In the above example massively increasing the budget in late 2020 is forecast to increase the number of goal complete but the CPA is also forecast to increase massively at the same time; this is because the machine learning is modelling the diminishing returns of increased media spend.

Situations where this won’t work

Unfortunately there are a couple of weaknesses to this method that means it shouldn’t be used in every situation:

The model assumes the value of alpha is constant over time. In real life changes in paid media auctions (e.g. competitors ramping up their spend, Google changing their rules) means the diminishing returns curve will not be the same all the time.
The machine learning algorithm must have sufficiently varied data to be able to learn the value of alpha. For an extreme example; if the media spend is exactly the same every day then then there isn’t really anything the algorithm can learn from it; it works much better if some days the spend has been unusually low and there are other periods where spend has been increased. [And ideally these changes in spend should arise from manual intervention rather than just following the seasonality up and down]
The model assumes that limitless growth is possible; there might be diminishing returns but, as long as you keep increasing the media spend, the output can continue growing without limit.

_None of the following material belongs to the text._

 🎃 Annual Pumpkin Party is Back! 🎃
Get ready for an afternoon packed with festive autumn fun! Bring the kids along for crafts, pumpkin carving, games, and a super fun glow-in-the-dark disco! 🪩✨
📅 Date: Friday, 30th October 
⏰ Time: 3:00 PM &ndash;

I’ll address the final situation in the next section. If you are struggling with the first one then get in touch and I’ll see if I can help. For the second problem (lack of training data) there are no easy solutions.

Capacity Limits

If you are a small ecommerce business just dipping your toes into the Google Shopping waters then you won’t need to worry about hitting the limits of the available market for some time; in this situation the power law model above is likely to be “good enough” for some years.

But if you are a large advertiser or someone trying to figure out the right amount to spend on brand then you really do need to worry about what the upper limits are and how close you are to them; assuming unbounded growth is not realistic and ignores an important part of the problem for you.

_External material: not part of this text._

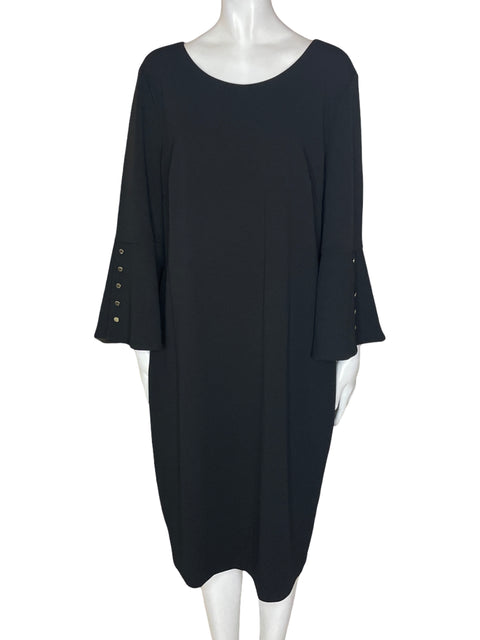 Vestido Calvin Klein Manga larga Botones Suelto Negro - Talla XL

To account for this, we need to change the model from a power law to something more complicated. The team over at Facebook Marketing Science use the following shape in Robyn:

The coefficient c is the capacity or maximum possible value for the output that it is possible to get.
In our context, x is the media spend variable
Then there are two parameters alpha and gamma which control the shape of the curve.

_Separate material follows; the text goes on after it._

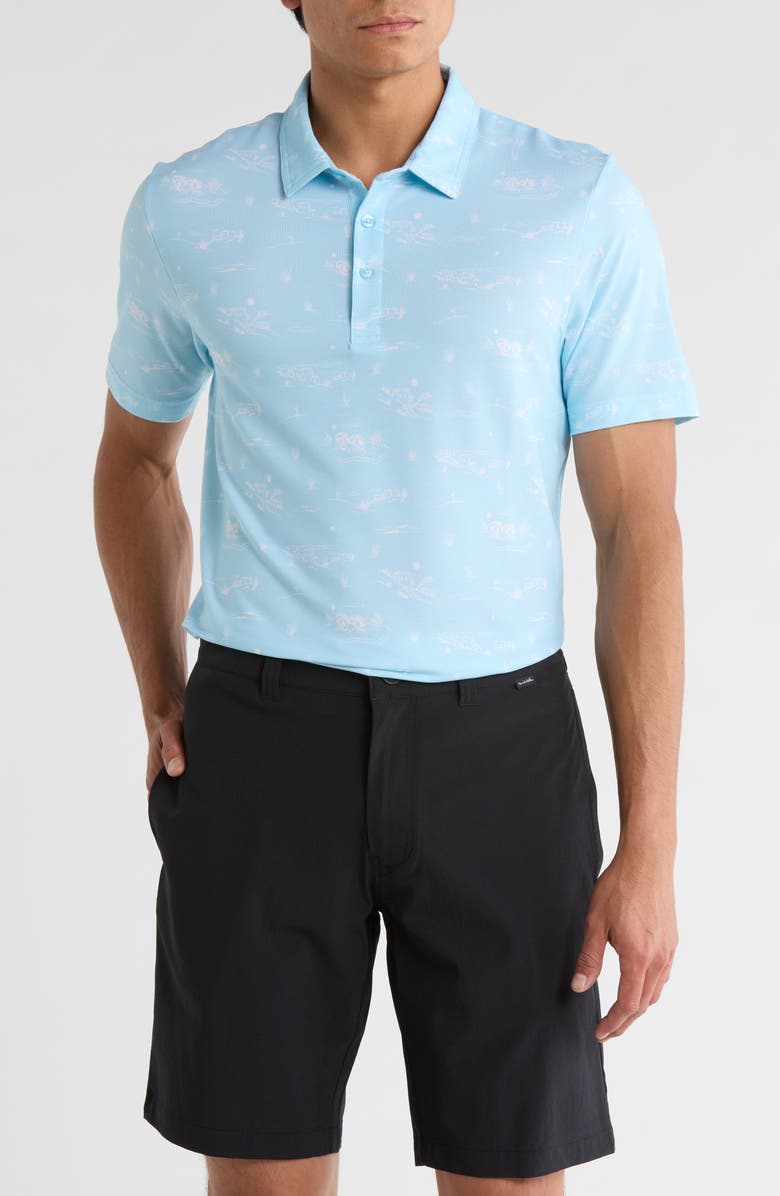 TravisMathew City Featherweight Polo, Main, color, Cory Blue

Different curves depending on different values for alpha and gamma — Different curves depending on different values for `alpha` and `gamma`

Our new model looks like this (after doing the log transform):

ln(output) = ln(capacity * spend^alpha/(spend^alpha + gamma^alpha)) + ln(other stuff)

Remember that taking logs turns multiplication into addition so this is actually

ln(output) = ln(spend^alpha/(spend^alpha + gamma^alpha)) + ln(capacity) + ln(other stuff)

Which means that we can group capacity in with other stuff and leave it for the machine learning to figure out rather than having to worry about it ourselves. Sometimes I love algebra!

This still leaves the alpha and gamma parameters. I’m sad to say that I don’t have a nice easy way to figure these out in Forecast Forge (yet!). I suggest running backtests with different values to see what gives you the best fit on historical data.

When your spend is equal to gamma you should be at 50% of the total capacity (e.g. 50% impression share) which might give you a good starting point for the trial and improvement process.

The chart above shows the same data as before comparing the power law and S-curve (saturating) forecasts. As you can see, the algorithm has learned there is lower capacity in Q4 so even with a massive increase in budget the number of goal completions is capped and much lower than what the power law forecast predicted.

This is much more realistic for this business; there is no amount of money they can spend in December that will get them more goal completions than they had in August.